01.Is this the end of telco SMS price gouging?
The Australian Competition and Consumer Commission (ACCC) will regulate SMS termination services for the first time, which could lead to cheaper SMS charges by Australian telcos. The move is in line with recommendations made in submissions to the consumer watchdog’s inquiry into the regulation of mobile terminating access services by consumer advocacy groups.
Currently, when an SMS is sent from one mobile network to another, the telco of the receiver of the message may charge a fee to carry (or terminate) the text. When Australian Communications Consumer Action Network (ACCAN) looked at how much telcos were charging for these text terminations, they found the charges were often way out of line with the actual costs incurred. As a result, ACCAN argued telcos were gouging some consumers by 90,000% on the costs of texts.
The ACCC has said it will “declare” SMS pricing, meaning they will regulate wholesale SMS pricing to prevent anti-competitiveness.

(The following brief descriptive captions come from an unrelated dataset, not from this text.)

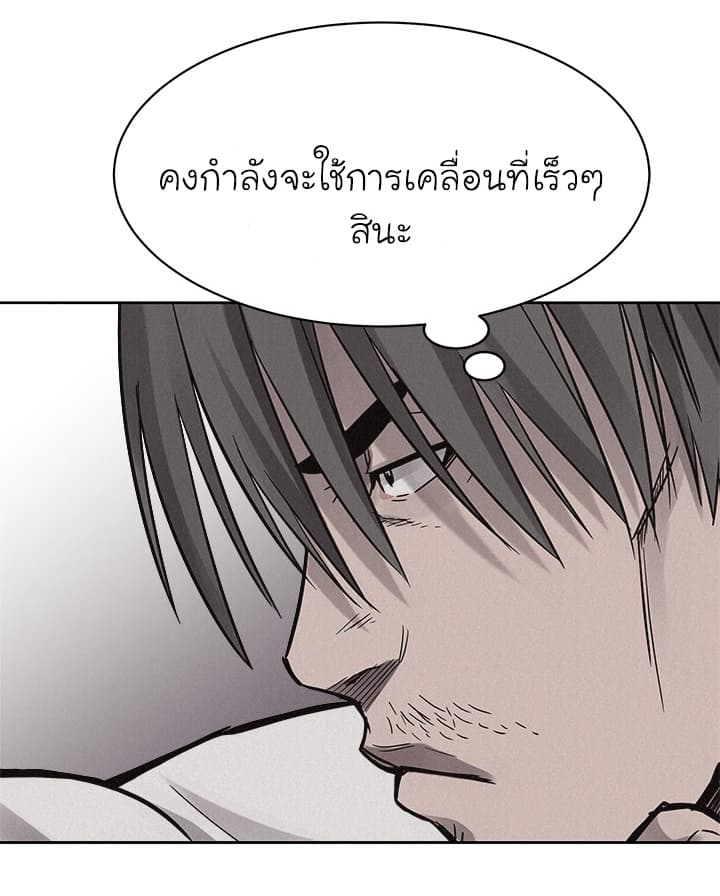 à¸­à¹ˆà¸²à¸™ Pounding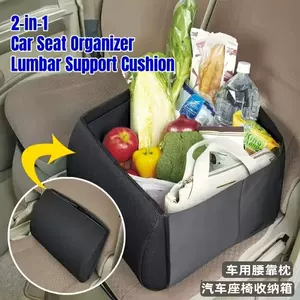 Cross-border best-selling car storage box, car organizer seat storage box, waistrest and lumbar pillow two-in-one storage box wholesale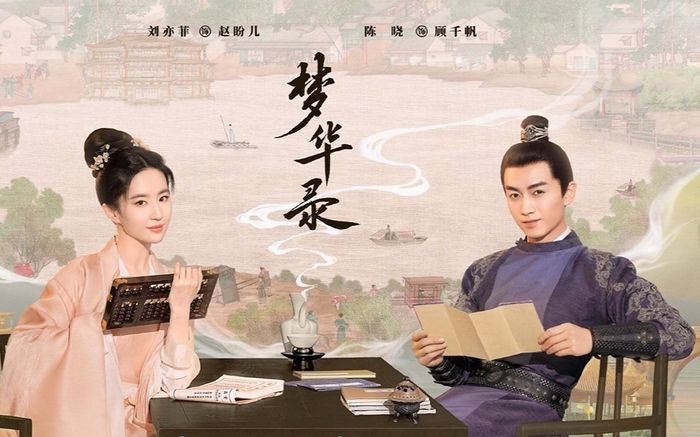 Mộng Hoa Lục: Cách Trần Hiểu quen Lưu Diệc Phi khiến dân tình ngã ngửa vì 'không giống ai'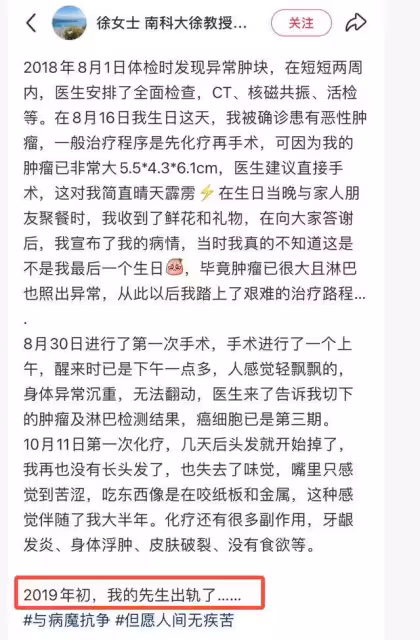 炸裂!南科大2000w資產教授出軌,妻子公開約會照,小三丑爆了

They’ve already done this with voice calls - the ACCC stepped in and set the price a network can charge another network to pass on a call – and will continue to regulate pricing for voice calls for the next five years.

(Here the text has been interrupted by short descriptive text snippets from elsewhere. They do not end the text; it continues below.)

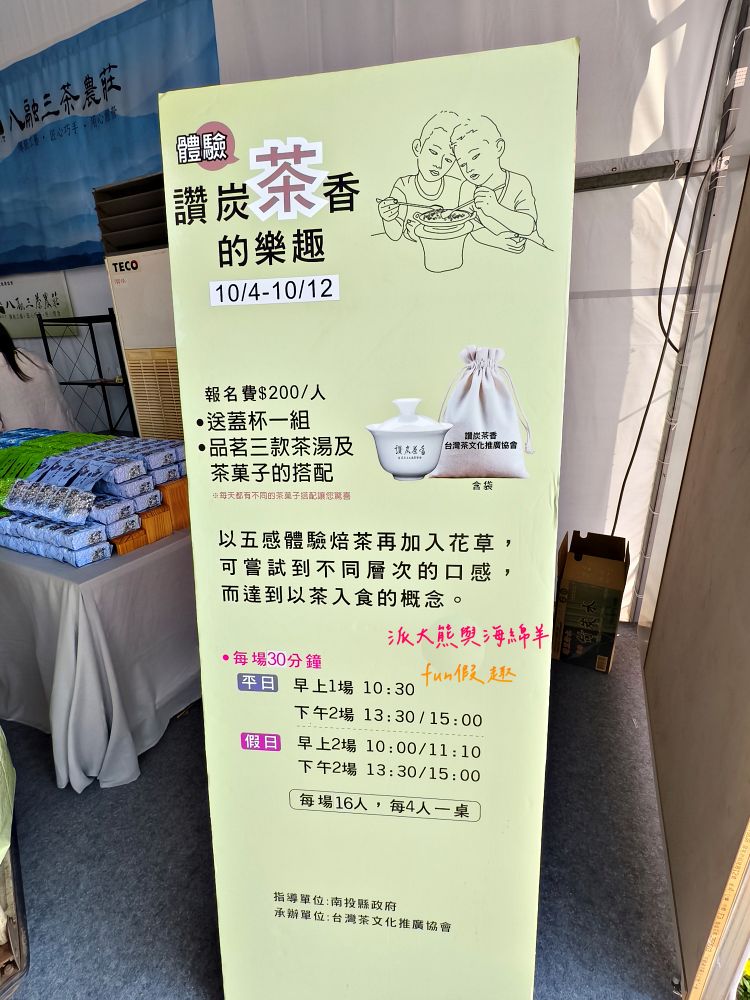 2025南投世界茶業博覽會&114國慶煙火在南投｜舌來韻轉 活動資訊、交通方式～南投旅遊必排行程&周邊美食景點推薦！2025國慶焰火試放影片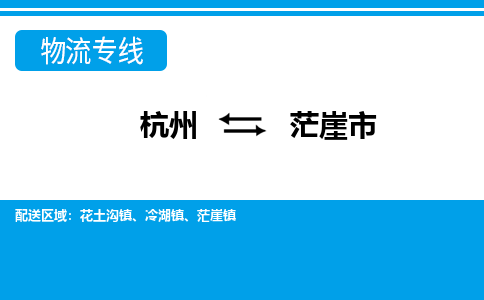 杭州到茫崖市物流專(zhuān)線-杭州至茫崖市貨運(yùn)公司
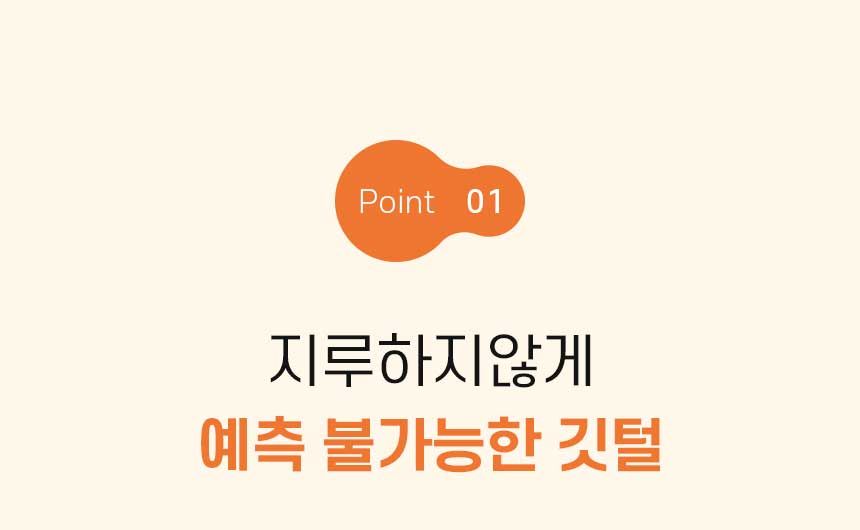 리스펫 사냥본능 자동장난감 4번째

“The ACCC expects to see SMS termination rates reduce, which should lead to lower SMS prices for consumers,” ACCC Commissioner Cristina Cifuentes says. “In particular we are concerned that these rates are affecting SMS prices available to low income consumers.”

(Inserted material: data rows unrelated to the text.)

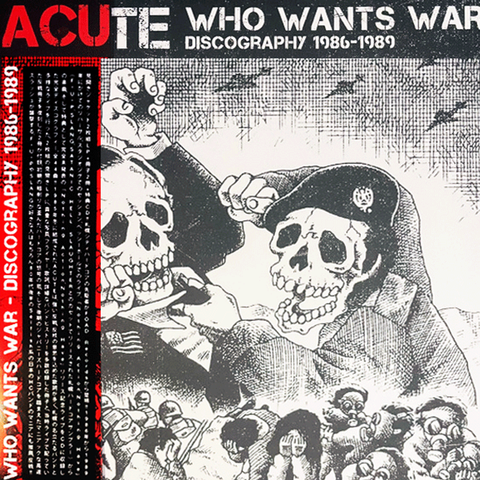 Acute: Who Wants War - Discography 1986-1989 (Coloured Vinyl 2xLP + CD)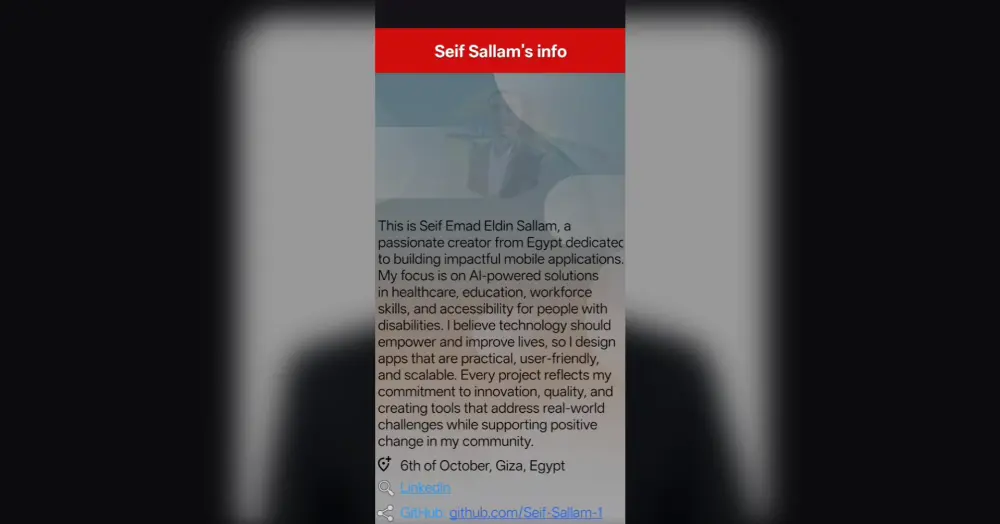 تطوير تطبيق عرض المعلومات (Info App)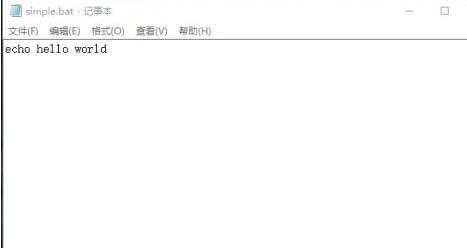 win10如何运行bat文件?win10启动bat文件的方法步骤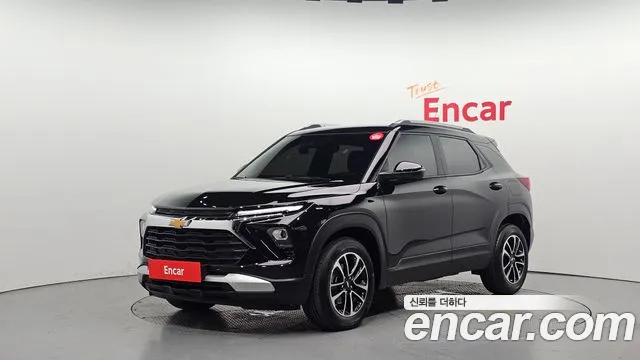 Chevrolet Ray 2023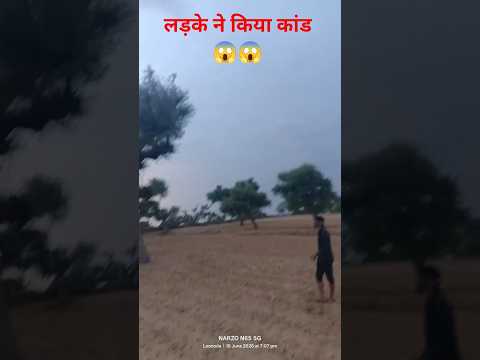 लड़के ने किया कांड😱😭😱😱#funny #ssc #shorts #video #cricket #village #farm #farmer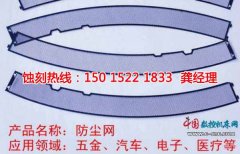 <b>南城鐵網(wǎng)蝕刻技術(shù)</b>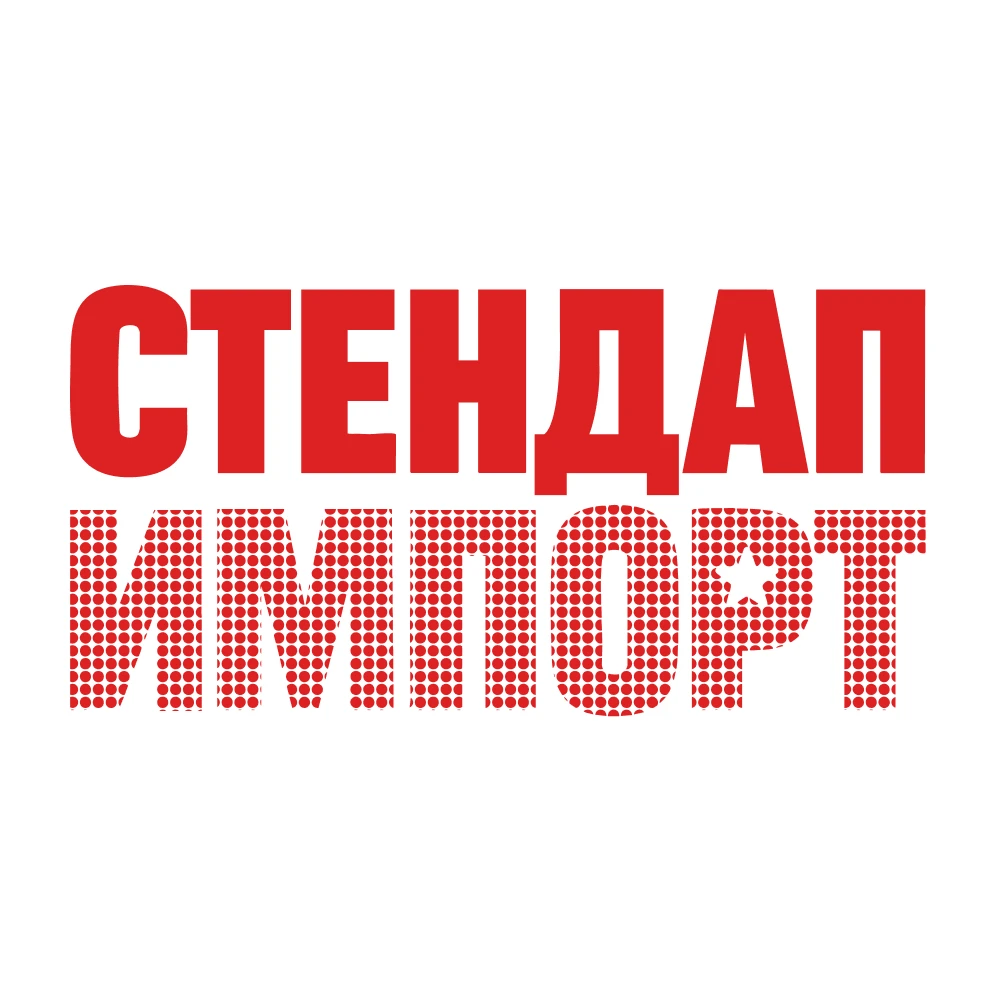 Стендап Импорт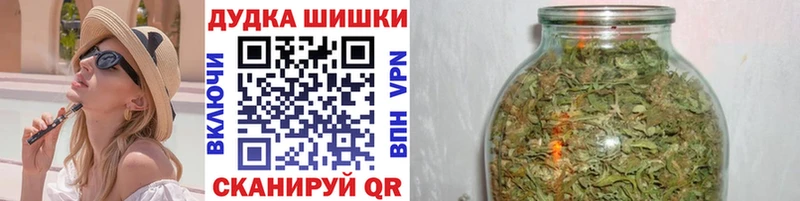 Купить  Свирск  Канабис гибрид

During its inquiry the ACCC found that commercial negotiations have not been successful in lowering termination rates. Consumer groups have argued this is a case of telcos shifting the cost of doing business around – offsetting the loss of profit margins on voice calls and cap plans by making SMSes more expensive, especially on pre-paid products.
Unsurprisingly, Vodafone and Telstra were strongly opposed to SMS price regulation, while Optus, ACAAN and telco resellers were in favour of regulation.